RULE 4. Export without payment of service tax. Any service, which is taxable under clause (105) of section 65 of the Act, may be exported without payment of service tax.
RULE 5. Rebate of service tax. Where any taxable service is exported, the Central Government may, by notification, grant rebate of service tax paid on such taxable service or service tax or duty paid on input ser-vices or inputs, as the case may be, used in providing such taxable service and the rebate shall be subject to such conditions or limitations, if any, and fulfillment of such procedure, as may be specified in the notification.
6.1 As per clause 3(iii) the services are clearly Export of Services since the recipient is the parent-company who is located outside India and for these services, the appellant receives consideration in convertible foreign exchange.

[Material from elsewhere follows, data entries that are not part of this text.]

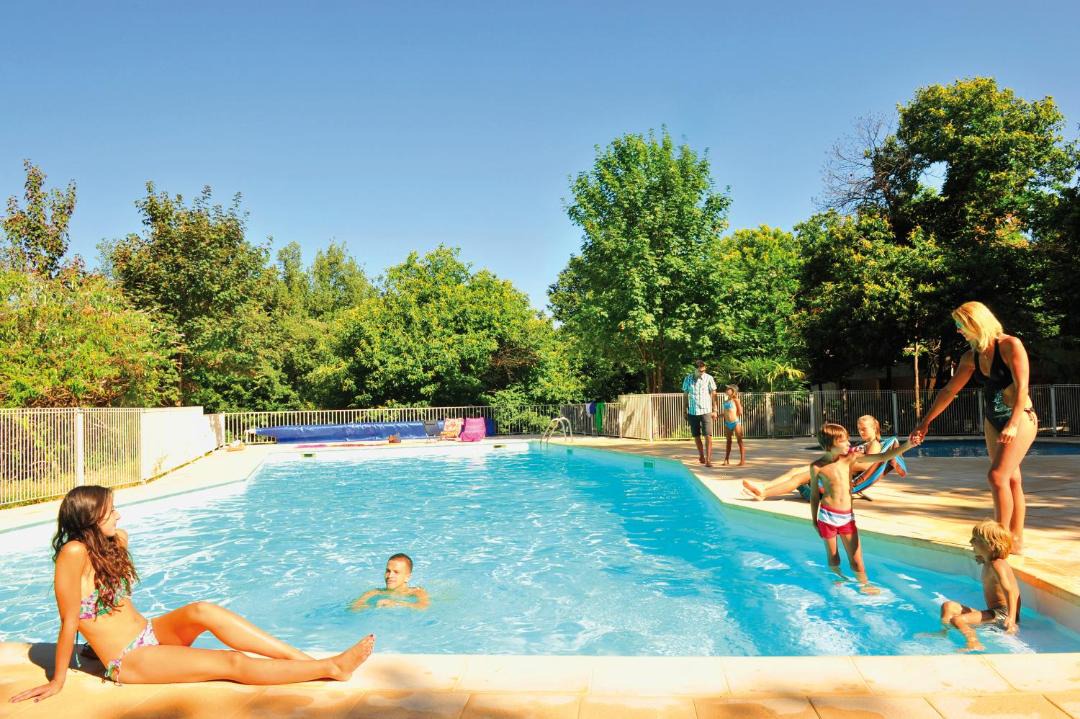Photo of Others in Vernet-les-Bains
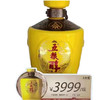 60度五粮醇 醇香坛 3L 单瓶（2022年份酒） 商品缩略图3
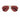 Cartier 0533S gold silver red 004 sunglasses,  size 58  - Dayal Opticals India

7. We also find that the Hon’ble Supreme Court in the case of Commissioner of Service Tax -III, Mumbai Vs. Vodafone India Ltd. and Others: 2025 (33) CENTAX 152 (S.C.) dated 06.05.2025, in similar set of facts, has held that “the CESTAT was right in granting benefit of the exclusion from taxable services to the activities of the respondent assessee as being an activity of export of service. We find that CESTAT in all these cases as rightly analysed the activity and granted the relief”. With regard to limitation, we also find that the second show-cause notice dated 17.10.2013 cannot be sustained beyond the normal period since on similar set of facts earlier show-cause notice were issued on 13.10.2010.
8. In view of the above, we do not find any substance in the impugned orders and therefore, considering the services as Export of Services, the impugned orders are set aside and the Appeals are allowed.
(Operative portion of the order was dictated and pronounced in Open Court.)